Perhaps said jokingly at first in the spirit of the interview, she proceeded to suggest that her Jamaican father’s side of the family would be disappointed in her if she did not support the legalization of marijuana.

However, Harris’ Jamaican father came out vigorously dissociating himself from his daughter’s statement.

“My dear departed grandmother… as well as my deceased parents , must be turning in their grave right now to see their family’s name, reputation and proud Jamaican identity being connected, in any way, jokingly or not with the fraudulent stereotype of a pot-smoking joy seeker and in the pursuit of identity politics.”

“Speaking for myself and my immediate Jamaican family, we wish to categorically dissociate ourselves from this travesty.”

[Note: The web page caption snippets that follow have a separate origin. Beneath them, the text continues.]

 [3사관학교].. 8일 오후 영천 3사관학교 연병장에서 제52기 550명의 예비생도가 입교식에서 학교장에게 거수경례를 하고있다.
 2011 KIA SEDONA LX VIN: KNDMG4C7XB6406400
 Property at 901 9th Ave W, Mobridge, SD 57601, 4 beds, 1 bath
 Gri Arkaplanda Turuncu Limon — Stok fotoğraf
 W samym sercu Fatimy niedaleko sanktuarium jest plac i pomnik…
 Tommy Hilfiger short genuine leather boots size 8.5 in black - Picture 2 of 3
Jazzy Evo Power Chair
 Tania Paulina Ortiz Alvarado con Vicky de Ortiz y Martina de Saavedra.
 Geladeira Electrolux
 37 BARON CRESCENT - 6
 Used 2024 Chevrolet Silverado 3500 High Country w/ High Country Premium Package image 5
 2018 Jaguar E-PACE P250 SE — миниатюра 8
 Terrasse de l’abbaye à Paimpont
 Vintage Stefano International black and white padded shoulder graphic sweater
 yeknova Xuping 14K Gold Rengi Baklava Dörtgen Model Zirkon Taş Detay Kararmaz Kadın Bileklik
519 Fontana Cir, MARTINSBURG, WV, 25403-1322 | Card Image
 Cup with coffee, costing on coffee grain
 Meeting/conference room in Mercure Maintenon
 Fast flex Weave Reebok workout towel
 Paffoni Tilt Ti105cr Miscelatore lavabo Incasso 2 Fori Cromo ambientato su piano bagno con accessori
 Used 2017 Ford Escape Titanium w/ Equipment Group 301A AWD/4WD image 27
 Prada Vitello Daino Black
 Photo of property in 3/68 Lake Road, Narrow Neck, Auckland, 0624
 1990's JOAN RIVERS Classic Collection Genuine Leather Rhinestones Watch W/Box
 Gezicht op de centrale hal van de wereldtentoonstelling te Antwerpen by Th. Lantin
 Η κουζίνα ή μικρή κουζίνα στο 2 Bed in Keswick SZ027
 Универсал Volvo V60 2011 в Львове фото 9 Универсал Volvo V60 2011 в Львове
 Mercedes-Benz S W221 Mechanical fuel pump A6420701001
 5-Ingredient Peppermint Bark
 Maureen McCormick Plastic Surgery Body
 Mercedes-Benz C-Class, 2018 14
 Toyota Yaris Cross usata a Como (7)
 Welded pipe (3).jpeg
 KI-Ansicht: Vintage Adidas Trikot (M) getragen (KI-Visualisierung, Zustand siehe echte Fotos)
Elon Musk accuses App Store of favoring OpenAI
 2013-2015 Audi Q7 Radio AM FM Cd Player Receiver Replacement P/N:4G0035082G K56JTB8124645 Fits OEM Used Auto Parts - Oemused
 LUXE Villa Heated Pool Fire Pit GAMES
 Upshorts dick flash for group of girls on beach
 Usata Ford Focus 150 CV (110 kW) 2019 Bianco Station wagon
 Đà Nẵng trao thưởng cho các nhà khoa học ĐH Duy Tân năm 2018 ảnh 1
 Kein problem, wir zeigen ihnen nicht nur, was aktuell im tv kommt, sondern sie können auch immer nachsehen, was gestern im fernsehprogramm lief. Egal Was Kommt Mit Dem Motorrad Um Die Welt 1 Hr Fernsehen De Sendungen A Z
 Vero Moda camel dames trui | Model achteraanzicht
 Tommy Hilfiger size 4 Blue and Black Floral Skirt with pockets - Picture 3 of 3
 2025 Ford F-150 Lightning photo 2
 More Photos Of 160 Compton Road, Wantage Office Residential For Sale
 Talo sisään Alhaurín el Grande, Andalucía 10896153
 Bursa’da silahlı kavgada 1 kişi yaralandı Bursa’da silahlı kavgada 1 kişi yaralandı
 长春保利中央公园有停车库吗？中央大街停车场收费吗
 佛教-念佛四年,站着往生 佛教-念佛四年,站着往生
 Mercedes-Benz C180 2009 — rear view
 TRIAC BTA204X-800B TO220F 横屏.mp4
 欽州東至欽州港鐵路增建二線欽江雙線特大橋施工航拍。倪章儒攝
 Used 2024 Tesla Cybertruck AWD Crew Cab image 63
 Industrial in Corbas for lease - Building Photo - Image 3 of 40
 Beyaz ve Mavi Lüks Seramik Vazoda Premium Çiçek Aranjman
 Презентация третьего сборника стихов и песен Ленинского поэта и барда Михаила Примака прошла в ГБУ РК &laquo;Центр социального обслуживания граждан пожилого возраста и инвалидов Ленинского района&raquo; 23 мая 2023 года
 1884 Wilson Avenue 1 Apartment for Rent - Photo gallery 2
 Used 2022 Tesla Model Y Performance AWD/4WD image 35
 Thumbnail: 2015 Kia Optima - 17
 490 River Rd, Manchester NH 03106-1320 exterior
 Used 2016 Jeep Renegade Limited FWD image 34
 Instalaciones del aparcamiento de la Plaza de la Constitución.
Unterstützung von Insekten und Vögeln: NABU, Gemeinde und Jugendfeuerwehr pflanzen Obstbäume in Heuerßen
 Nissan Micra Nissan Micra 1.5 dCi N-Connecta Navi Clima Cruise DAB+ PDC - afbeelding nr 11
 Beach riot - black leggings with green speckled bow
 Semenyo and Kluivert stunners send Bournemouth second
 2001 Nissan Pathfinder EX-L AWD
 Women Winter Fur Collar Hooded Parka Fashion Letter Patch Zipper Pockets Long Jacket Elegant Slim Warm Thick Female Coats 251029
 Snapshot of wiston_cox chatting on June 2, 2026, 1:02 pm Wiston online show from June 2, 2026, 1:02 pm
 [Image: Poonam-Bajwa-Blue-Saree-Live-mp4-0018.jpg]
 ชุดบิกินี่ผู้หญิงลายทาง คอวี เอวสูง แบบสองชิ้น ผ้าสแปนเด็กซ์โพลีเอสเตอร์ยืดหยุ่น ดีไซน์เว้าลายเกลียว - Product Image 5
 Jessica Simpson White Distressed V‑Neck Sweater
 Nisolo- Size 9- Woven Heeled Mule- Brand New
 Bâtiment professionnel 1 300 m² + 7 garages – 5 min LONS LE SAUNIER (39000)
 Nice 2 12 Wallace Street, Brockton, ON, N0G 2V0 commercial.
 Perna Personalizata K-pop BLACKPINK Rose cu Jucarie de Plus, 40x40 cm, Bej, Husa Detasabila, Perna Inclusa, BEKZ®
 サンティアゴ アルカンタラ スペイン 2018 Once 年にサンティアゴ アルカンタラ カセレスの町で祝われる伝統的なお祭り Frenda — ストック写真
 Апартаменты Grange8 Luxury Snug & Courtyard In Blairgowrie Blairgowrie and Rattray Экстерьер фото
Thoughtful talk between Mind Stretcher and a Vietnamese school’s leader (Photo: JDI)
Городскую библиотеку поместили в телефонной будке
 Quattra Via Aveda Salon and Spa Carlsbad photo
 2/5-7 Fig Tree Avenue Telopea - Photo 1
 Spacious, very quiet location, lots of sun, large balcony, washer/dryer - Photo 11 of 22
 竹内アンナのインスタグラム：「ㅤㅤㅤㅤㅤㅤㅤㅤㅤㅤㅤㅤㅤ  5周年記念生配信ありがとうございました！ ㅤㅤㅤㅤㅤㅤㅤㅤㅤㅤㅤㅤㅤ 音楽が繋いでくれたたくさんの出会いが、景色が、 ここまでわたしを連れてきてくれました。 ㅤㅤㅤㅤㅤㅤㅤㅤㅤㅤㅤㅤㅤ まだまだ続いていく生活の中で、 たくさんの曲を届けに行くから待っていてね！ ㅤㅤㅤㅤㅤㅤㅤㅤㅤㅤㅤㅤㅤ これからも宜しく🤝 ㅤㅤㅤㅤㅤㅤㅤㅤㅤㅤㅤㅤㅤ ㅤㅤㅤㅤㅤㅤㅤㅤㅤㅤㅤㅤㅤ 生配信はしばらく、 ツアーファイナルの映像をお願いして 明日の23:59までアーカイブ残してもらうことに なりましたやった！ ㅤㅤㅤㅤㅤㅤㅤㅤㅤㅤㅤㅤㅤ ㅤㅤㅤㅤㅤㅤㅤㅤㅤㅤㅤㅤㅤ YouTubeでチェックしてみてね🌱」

So did Kamala Harris deliberately and unfairly stereotype Jamaica as a nation of pot smokers?

An ironic twist in Ms. Harris’ associating marijuana smoking with her Jamaican heritage that seems to have escaped her as well as media watchers is the fact that it is also very much a part of her Indian heritage that she is so proud of claiming.

Is she aware that it was India that bequeathed a marijuana culture to Jamaica? In her authoritative Encyclopedia of Jamaican Heritage (2003) Oliver Senior writes:

“The practice of cultivating, smoking and otherwise consuming the herb (marijuana) is believed to have been popularized by Indian indentured immigrants who began to arrive from 1845. The local name ‘ganja’ is Indian. The concept of ganja as a holy herb is a Hindu one; it is widely used to enhance the religious experience in parts of India (despite government prohibition).”